(Provided records Opens)

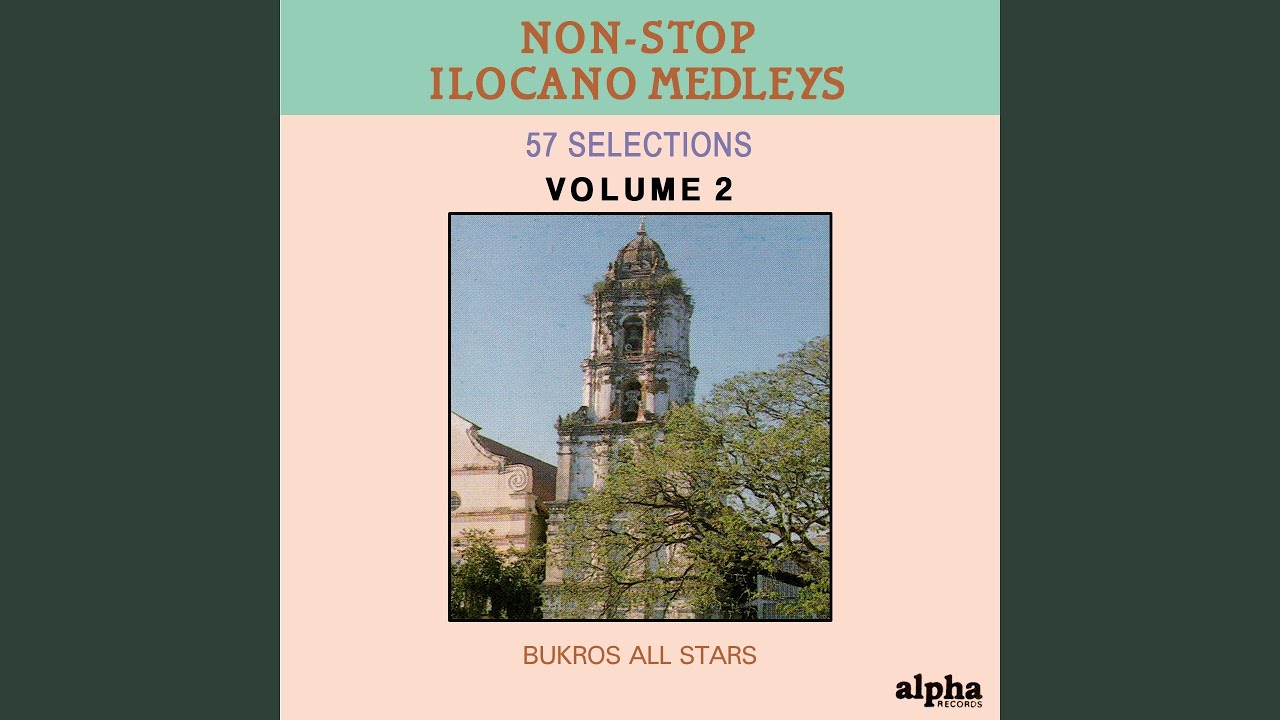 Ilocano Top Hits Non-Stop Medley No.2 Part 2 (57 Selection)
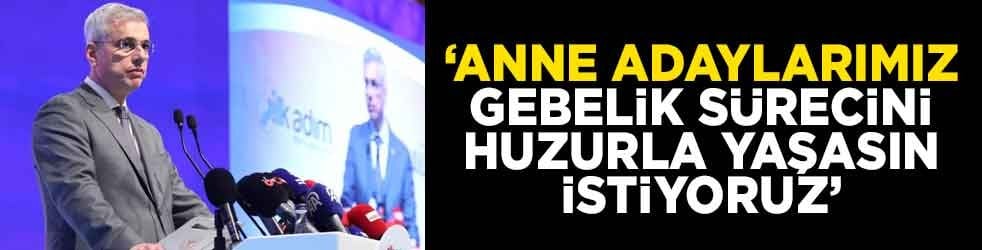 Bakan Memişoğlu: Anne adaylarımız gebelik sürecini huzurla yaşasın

(Provided records Closes)
(Provided records Opens)

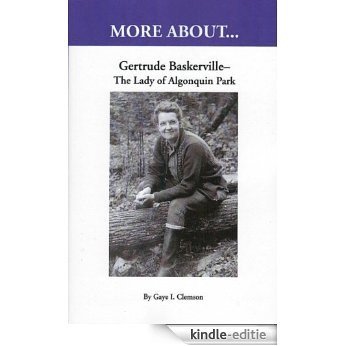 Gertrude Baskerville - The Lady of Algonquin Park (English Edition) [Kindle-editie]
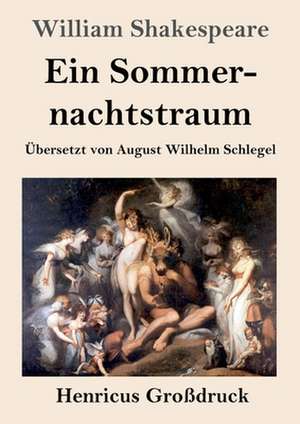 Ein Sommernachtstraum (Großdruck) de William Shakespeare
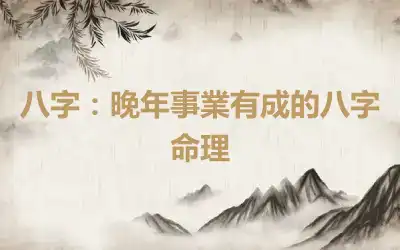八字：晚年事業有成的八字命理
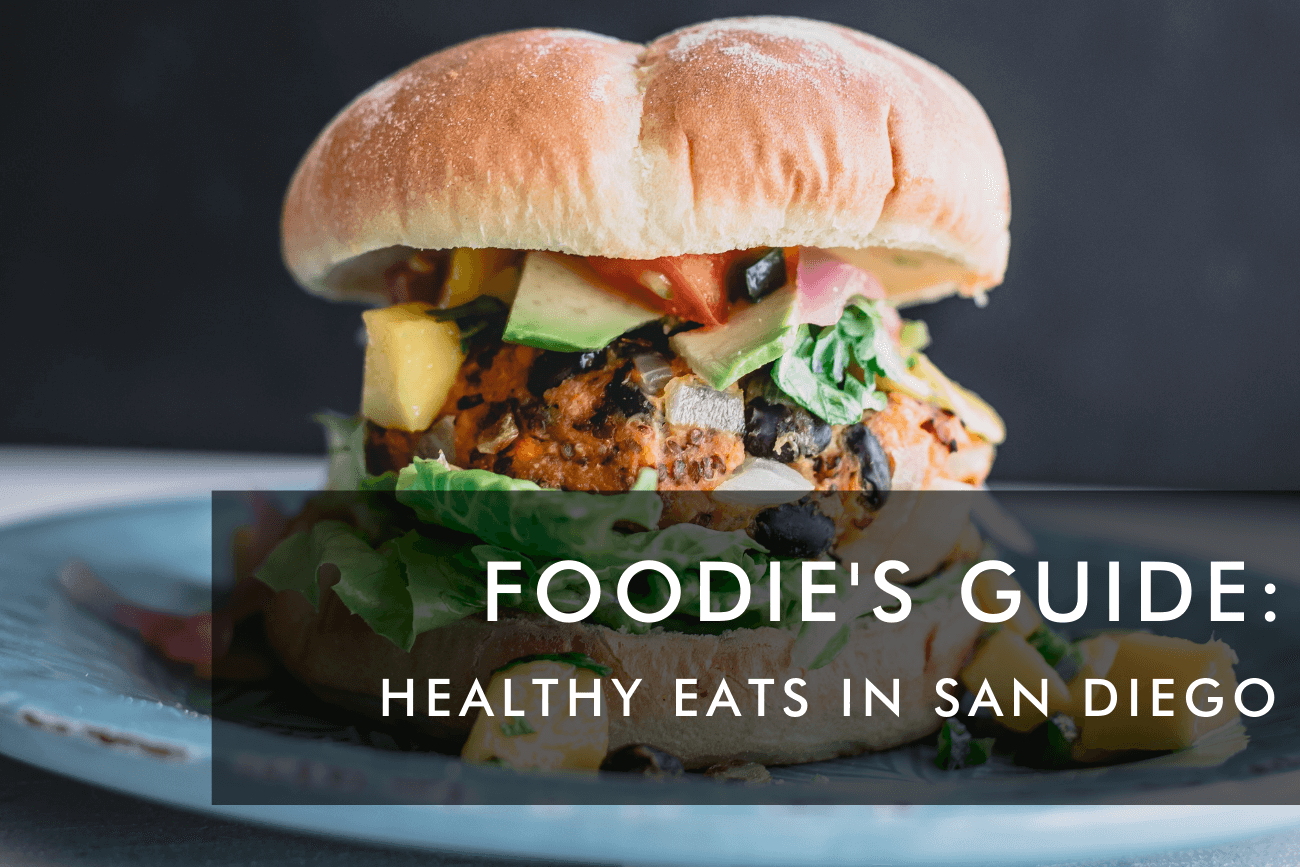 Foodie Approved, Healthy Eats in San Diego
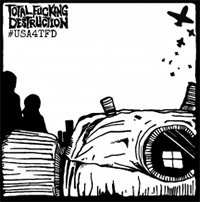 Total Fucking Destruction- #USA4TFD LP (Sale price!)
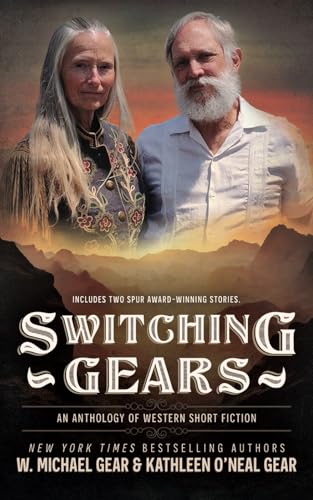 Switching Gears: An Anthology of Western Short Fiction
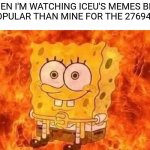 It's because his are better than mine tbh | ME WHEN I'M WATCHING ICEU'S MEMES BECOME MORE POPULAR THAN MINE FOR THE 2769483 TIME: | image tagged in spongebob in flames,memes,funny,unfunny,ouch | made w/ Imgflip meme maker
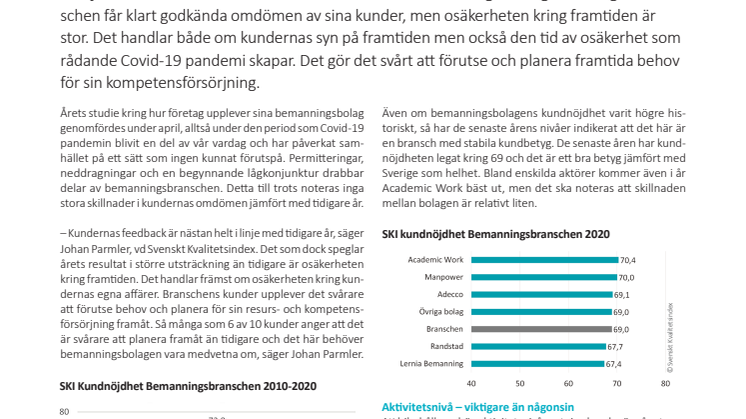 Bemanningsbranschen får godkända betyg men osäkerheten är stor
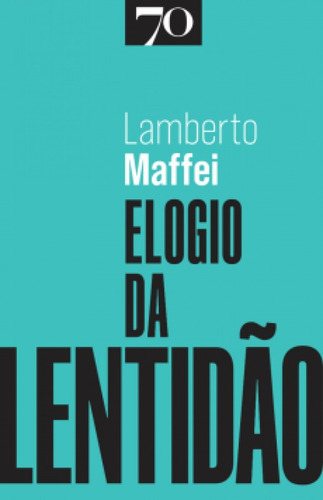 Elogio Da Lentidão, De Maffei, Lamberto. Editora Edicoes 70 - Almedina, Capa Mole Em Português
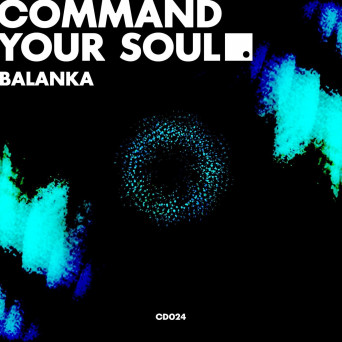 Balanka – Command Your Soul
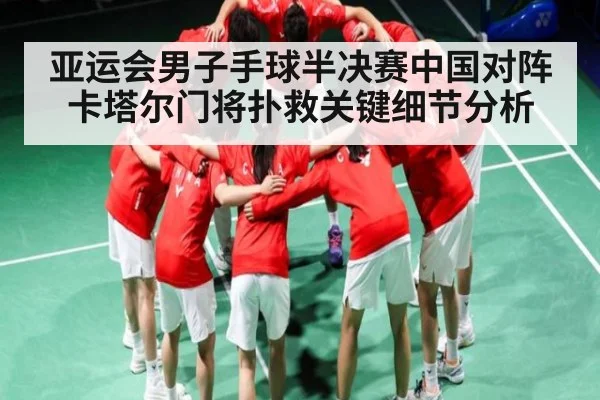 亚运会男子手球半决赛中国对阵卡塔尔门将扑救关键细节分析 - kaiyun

(Provided records Closes)
(Provided records Opens)

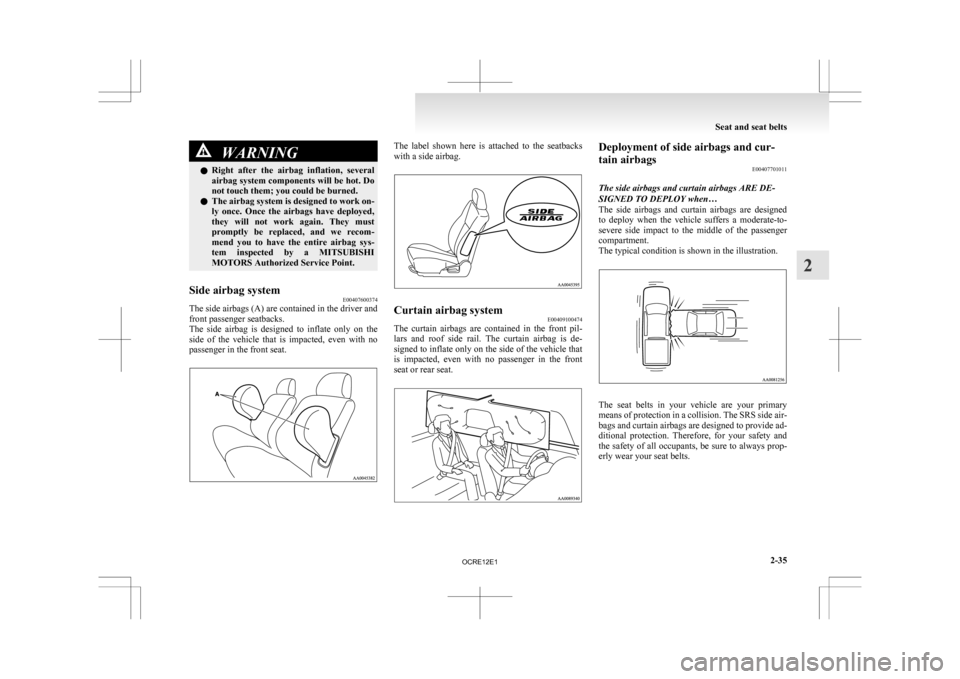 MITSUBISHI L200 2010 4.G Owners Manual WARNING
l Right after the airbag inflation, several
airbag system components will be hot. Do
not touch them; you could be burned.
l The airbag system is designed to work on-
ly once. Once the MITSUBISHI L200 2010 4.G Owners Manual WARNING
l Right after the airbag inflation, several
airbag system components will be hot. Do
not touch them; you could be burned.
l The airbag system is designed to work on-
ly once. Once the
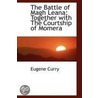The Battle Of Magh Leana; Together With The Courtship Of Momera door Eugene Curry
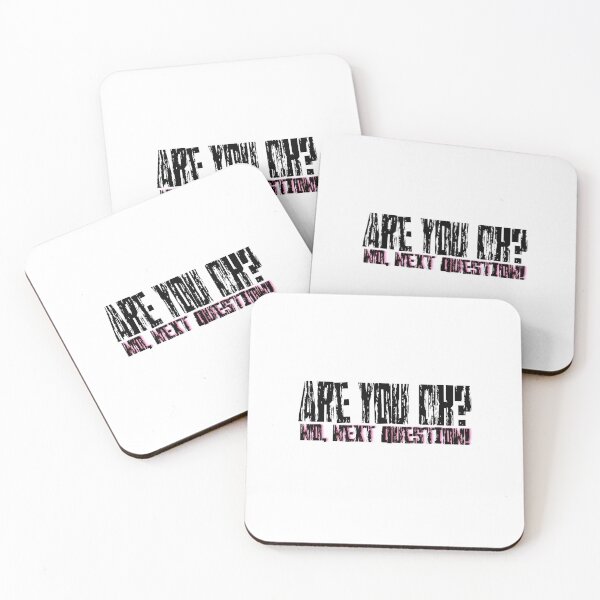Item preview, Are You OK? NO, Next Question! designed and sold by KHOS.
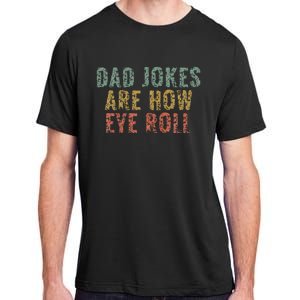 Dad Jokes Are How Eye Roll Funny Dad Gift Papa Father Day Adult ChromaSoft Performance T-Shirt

(Provided records Closes)

▸ **Task description**: Everything from the line with "Foodie Approved, Healthy Eats in San Diego" through the line with "亚运会男子手球半决赛中国对阵卡塔尔门将扑救关键细节分析 - kaiyun" in the material above should be transcribed exactly, except the pictures.

▸ **Response to the task**:
 Foodie Approved, Healthy Eats in San Diego
 Total Fucking Destruction- #USA4TFD LP (Sale price!)
 Switching Gears: An Anthology of Western Short Fiction
 It's because his are better than mine tbh | ME WHEN I'M WATCHING ICEU'S MEMES BECOME MORE POPULAR THAN MINE FOR THE 2769483 TIME: | image tagged in spongebob in flames,memes,funny,unfunny,ouch | made w/ Imgflip meme maker
 Bemanningsbranschen får godkända betyg men osäkerheten är stor
 Elogio Da Lentidão, De Maffei, Lamberto. Editora Edicoes 70 - Almedina, Capa Mole Em Português
 Balanka – Command Your Soul
 亚运会男子手球半决赛中国对阵卡塔尔门将扑救关键细节分析 - kaiyun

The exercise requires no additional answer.